-- Dataset extract follows --

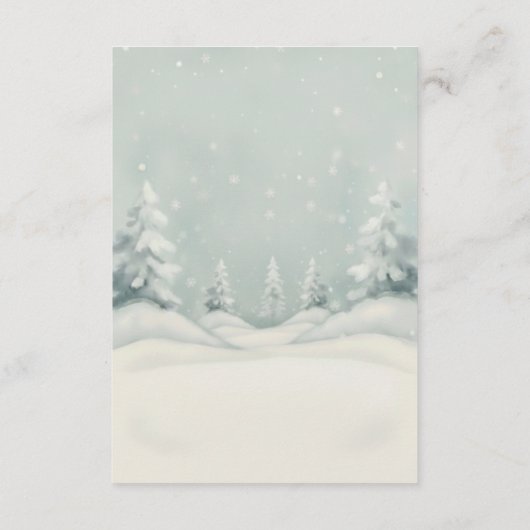 Baby It Cold Outside Polar Bear Books for Baby Informatiekaartje (Achterkant)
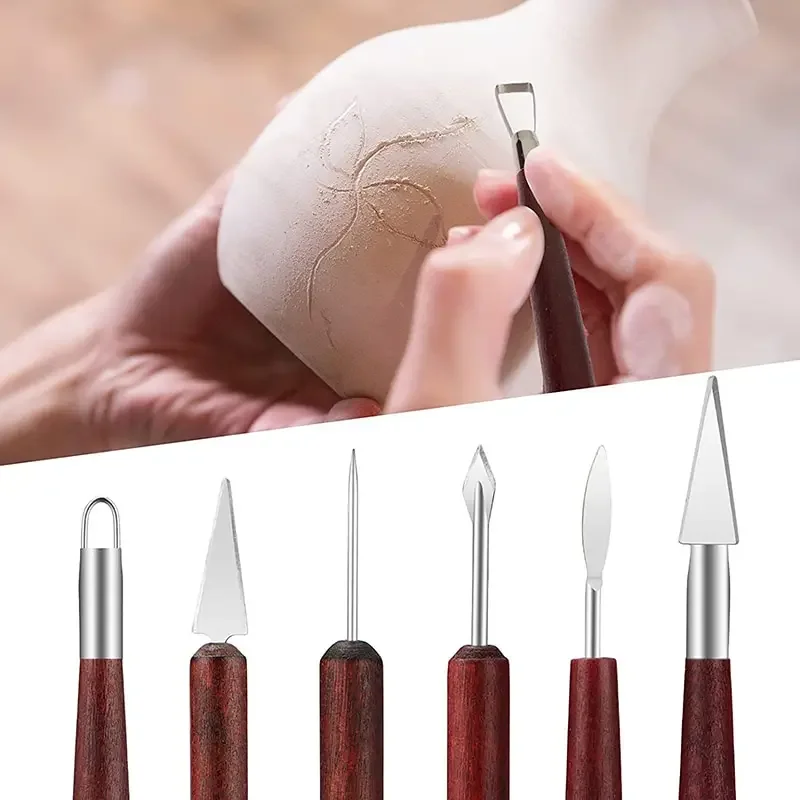 Artist's 6-Piece Wooden Potter - огляд і ціна Wood Chisel Set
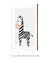Quadro Decorativo Infantil Zebra Rosa Safari - comprar online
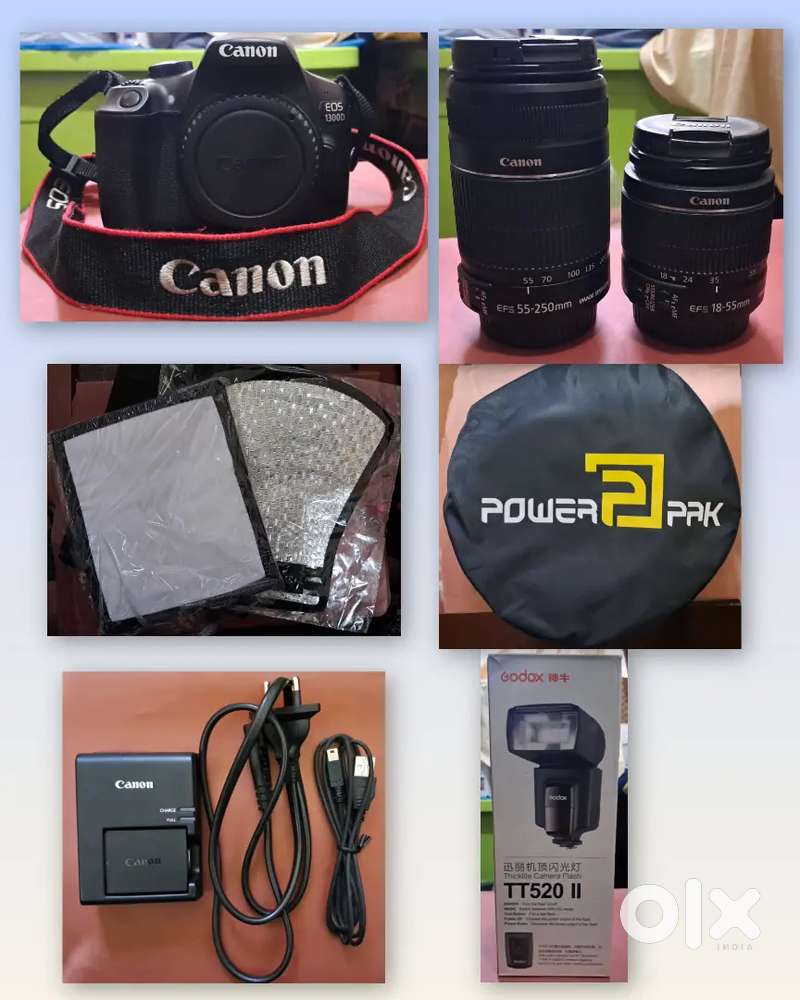 Urgent sale Canon EOS 1300D brand new check Description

-- Dataset extract concluded --

(Exercise) What is needed is an exact copy of all the data, with no images in it.

(Exercise output)
 Baby It Cold Outside Polar Bear Books for Baby Informatiekaartje (Achterkant)
 Artist's 6-Piece Wooden Potter - огляд і ціна Wood Chisel Set
Quadro Decorativo Infantil Zebra Rosa Safari - comprar online
 Urgent sale Canon EOS 1300D brand new check Description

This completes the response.